A criança tem um grande desafio que é o tema da violência. Referi-o nos “16 dias de activismo contra a violência contra mulheres e meninas” e no aniversário da Declaração dos Direitos Humanos que um dos desafios de Cabo Verde é definitivamente o tema da violência contra mulheres e também contra crianças. Para mim, os índices de violência não condizem com o nível de desenvolvimento de Cabo Verde, apesar de sabermos que violência e desenvolvimento não estão necessariamente interconectados. Mas, o facto é que precisamos dar respostas como sociedade, uma mudança de comportamento social e pessoal. Não se pode naturalizar a violência, muito menos a violência contra mulheres e contra crianças. Para mim, é um tema crítico. Outro tema crítico, que já abordei, é garantir todos os meios para a conclusão da educação secundária. Criar um ambiente protector na família, nas comunidades, nas escolas para que ela se estimule a continuar e ter sucesso escolar. E para os jovens, criar oportunidades, tanto de treinamento vocacional, como de trabalho decente. Temos dez agências a trabalhar com jovens aqui em Cabo Verde, que é um segmento da população que precisa de uma atenção muito especial.

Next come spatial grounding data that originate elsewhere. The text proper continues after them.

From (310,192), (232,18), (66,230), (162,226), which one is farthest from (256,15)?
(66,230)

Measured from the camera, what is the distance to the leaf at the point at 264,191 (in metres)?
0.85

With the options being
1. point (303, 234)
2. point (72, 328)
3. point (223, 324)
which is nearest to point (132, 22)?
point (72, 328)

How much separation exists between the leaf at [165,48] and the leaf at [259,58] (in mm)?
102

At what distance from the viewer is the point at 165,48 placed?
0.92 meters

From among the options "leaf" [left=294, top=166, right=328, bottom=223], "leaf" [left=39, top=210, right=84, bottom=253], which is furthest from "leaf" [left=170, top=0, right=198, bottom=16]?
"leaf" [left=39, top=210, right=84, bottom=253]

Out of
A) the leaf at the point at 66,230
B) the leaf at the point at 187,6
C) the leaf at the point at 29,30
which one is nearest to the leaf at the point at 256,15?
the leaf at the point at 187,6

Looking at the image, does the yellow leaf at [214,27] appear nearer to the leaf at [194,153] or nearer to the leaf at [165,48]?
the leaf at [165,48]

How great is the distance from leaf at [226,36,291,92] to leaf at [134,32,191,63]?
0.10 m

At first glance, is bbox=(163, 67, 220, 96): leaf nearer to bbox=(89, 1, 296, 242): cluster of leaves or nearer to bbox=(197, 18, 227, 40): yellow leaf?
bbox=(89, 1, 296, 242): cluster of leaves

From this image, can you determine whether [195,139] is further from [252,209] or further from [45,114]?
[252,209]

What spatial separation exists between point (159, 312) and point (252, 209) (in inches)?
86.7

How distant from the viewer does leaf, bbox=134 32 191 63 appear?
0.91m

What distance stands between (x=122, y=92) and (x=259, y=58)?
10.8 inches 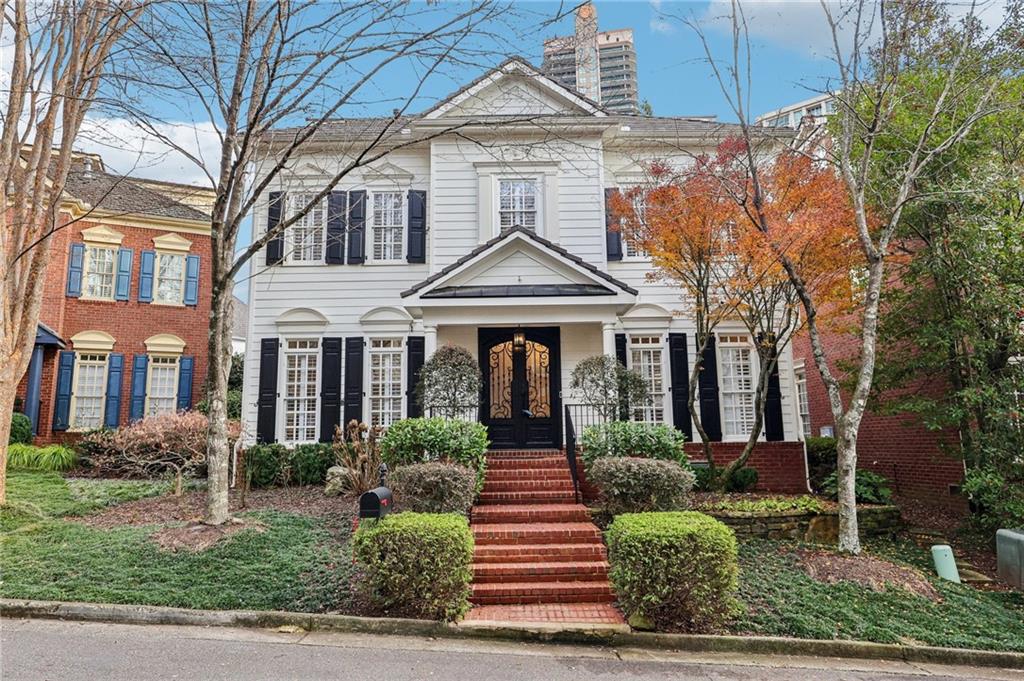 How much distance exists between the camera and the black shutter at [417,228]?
11914 mm

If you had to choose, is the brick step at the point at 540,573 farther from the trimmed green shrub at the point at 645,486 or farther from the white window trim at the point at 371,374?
the white window trim at the point at 371,374

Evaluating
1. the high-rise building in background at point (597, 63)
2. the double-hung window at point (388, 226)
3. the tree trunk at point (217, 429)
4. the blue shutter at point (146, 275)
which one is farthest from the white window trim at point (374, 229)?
the blue shutter at point (146, 275)

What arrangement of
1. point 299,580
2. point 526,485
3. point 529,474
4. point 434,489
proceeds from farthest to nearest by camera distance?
1. point 529,474
2. point 526,485
3. point 434,489
4. point 299,580

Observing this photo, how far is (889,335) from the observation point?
386 inches

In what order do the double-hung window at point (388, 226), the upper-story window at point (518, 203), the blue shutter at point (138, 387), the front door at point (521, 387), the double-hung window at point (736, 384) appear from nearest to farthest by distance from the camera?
the front door at point (521, 387) < the double-hung window at point (736, 384) < the upper-story window at point (518, 203) < the double-hung window at point (388, 226) < the blue shutter at point (138, 387)

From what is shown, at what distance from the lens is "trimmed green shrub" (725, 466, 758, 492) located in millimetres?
10227

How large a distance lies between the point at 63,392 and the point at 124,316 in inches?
90.2

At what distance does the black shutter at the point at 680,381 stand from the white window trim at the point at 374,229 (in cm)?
583

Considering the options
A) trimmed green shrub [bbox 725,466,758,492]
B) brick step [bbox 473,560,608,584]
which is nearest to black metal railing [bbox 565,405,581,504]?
brick step [bbox 473,560,608,584]

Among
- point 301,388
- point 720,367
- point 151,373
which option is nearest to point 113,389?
point 151,373

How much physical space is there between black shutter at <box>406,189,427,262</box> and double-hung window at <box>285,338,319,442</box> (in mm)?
2732

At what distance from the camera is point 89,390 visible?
47.0 feet

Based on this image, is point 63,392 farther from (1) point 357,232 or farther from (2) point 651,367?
(2) point 651,367

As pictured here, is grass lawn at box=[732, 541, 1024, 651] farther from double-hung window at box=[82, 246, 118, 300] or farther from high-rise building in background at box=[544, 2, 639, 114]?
double-hung window at box=[82, 246, 118, 300] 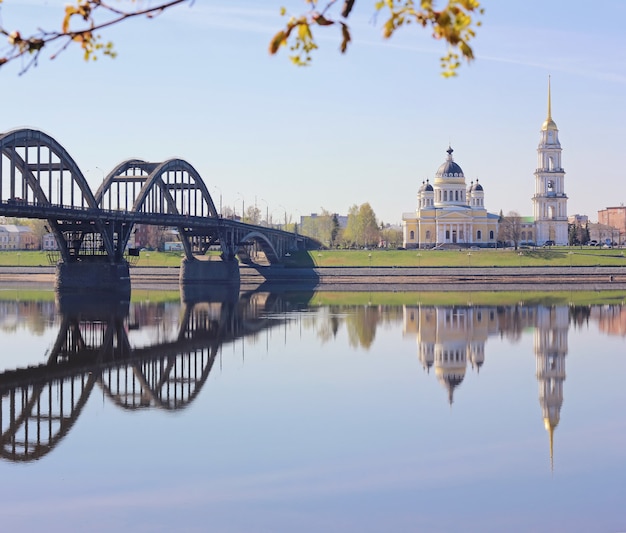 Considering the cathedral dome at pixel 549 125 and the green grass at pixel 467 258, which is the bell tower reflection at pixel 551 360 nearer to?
the green grass at pixel 467 258

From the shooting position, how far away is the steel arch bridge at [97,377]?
90.5 feet

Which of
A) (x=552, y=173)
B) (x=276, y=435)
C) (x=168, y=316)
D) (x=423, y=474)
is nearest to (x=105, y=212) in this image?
(x=168, y=316)

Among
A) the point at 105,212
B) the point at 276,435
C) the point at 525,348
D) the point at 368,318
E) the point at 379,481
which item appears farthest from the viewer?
the point at 105,212

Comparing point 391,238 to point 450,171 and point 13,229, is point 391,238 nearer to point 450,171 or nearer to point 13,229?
point 450,171

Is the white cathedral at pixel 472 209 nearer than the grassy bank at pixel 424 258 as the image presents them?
No

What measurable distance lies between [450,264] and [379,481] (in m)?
97.8

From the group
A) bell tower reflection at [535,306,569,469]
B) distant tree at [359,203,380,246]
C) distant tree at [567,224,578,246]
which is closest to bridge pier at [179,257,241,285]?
bell tower reflection at [535,306,569,469]

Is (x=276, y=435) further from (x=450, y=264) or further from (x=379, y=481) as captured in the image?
(x=450, y=264)

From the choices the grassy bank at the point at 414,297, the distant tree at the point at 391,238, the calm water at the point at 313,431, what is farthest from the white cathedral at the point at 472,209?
the calm water at the point at 313,431

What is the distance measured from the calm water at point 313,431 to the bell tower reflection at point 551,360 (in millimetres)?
174

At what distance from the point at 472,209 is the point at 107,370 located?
116532 mm

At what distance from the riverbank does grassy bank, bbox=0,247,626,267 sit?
9.32 ft

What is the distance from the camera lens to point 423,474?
21703 millimetres

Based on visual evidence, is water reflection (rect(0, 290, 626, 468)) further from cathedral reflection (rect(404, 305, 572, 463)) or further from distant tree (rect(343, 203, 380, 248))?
distant tree (rect(343, 203, 380, 248)) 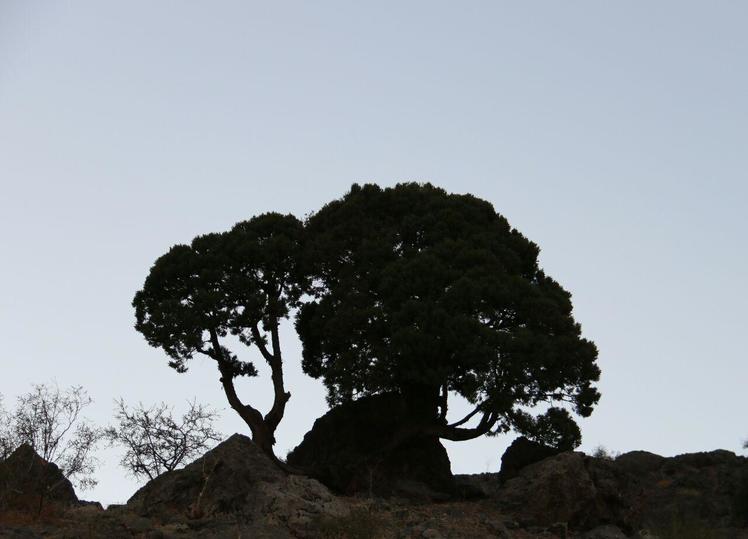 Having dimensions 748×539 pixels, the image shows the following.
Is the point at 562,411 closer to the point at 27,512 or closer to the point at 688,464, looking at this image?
the point at 688,464

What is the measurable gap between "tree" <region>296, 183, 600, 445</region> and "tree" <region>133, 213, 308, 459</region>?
123 centimetres

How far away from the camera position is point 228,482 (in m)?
22.3

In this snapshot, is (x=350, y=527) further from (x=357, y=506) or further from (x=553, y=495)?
(x=553, y=495)

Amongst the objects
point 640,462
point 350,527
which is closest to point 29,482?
point 350,527

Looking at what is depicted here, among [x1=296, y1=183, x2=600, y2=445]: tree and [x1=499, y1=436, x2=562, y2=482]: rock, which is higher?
[x1=296, y1=183, x2=600, y2=445]: tree

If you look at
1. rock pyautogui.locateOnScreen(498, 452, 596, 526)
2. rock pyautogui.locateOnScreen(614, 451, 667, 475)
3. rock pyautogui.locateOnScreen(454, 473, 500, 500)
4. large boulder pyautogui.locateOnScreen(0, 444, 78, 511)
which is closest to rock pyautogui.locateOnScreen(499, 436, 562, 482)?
rock pyautogui.locateOnScreen(454, 473, 500, 500)

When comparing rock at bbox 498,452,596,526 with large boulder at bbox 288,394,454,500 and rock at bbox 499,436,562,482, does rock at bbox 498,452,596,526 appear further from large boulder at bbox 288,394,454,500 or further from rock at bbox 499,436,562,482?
large boulder at bbox 288,394,454,500

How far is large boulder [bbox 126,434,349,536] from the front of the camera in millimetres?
18797

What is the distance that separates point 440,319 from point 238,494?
336 inches

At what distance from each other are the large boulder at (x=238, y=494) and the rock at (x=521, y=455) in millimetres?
8457

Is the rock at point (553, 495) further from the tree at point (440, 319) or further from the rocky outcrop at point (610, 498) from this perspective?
the tree at point (440, 319)

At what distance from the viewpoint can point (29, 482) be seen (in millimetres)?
20953

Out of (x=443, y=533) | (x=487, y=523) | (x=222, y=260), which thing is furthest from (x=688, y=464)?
(x=222, y=260)

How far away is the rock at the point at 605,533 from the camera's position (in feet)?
73.1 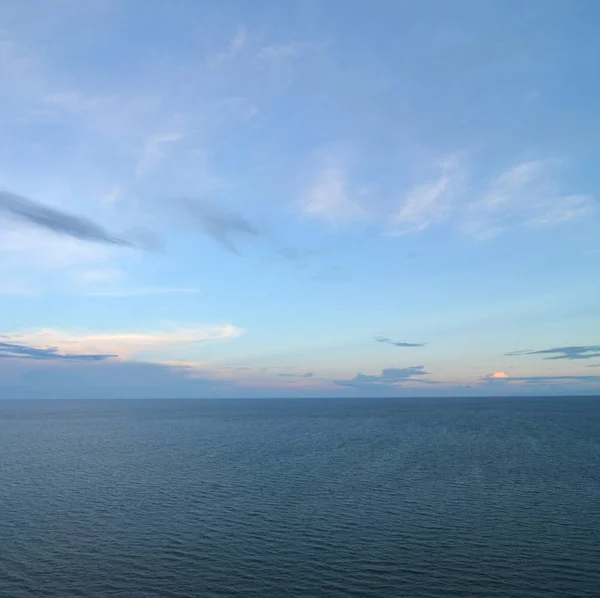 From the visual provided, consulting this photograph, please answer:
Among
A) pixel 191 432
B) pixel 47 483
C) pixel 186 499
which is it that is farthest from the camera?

E como é coordenação entre as agências?
Cada vez mais forte, cada vez mais sólida. A própria reforma das Nações Unidas é sobre como complementar e uma coisa que tem me alegrado muito nas viagens nas ilhas
que fiz até agora, é ver esses programas conjuntos e a complementaridade de um mandato de uma agência com a outra. Temos grupos de coordenação temática, o que tem ajudado muito, e estamos também a discutir com os parceiros de desenvolvimento. Temos um, por exemplo, para a pobreza. A erradicação da pobreza extrema até 2026 é uma meta ousada de Cabo Verde, mas é uma meta possível, porque sabemos onde estão, temos o cadastro único, aumentou-se já o programa de protecção social, há vários parceiros a apoiar esse trabalho, como já referi, e há uma coordenação específica dentro do Ministério da Família. Ou seja, os elementos estão aí. Também entre os parceiros de desenvolvimento há coordenação e fico muito feliz de estar num país em que há essa abertura dos parceiros. E tem de ser assim, porque nenhum parceiro sozinho vai dar a resposta que o país precisa. Precisam estar juntos, coordenadamente, apoiando e levando a voz de Cabo Verde para o mundo. Importante informar que temos um sistema on-line chamado UN Info (uninfo.org) – uma plataforma com todas as informações do trabalho das Nações Unidas em Cabo Verde, contendo os detalhes do programa, das acções que estamos implementando no terreno, parceiros financiadores, etc. As pessoas podem ver o quadro geral e os detalhes por agência, por ODS e por município. É uma ferramenta importantíssima para gestão e prestação de contas nos países.
Em suma, e para concluir, como estará Cabo Verde em 2030?
Acho que este país, sobretudo depois da análise que fizemos, tem um potencial grande. Precisamos agora é de estar do lado do país, do lado do governo, do lado da sociedade cabo-verdiana, para justamente impulsar um outro passo para o desenvolvimento, que é necessário. Mas é necessário esse acesso a esse financiamento em grande volume para fazer as grandes mudanças estruturais, que ainda precisam de ser feitas. Não é só vontade política, requer recursos… Eu acho que Cabo Verde pode contar uma história muito bonita em 2030.
Texto originalmente publicado na edição impressa do Expresso das Ilhas nº 1150 de 13 de Dezembro de 2023.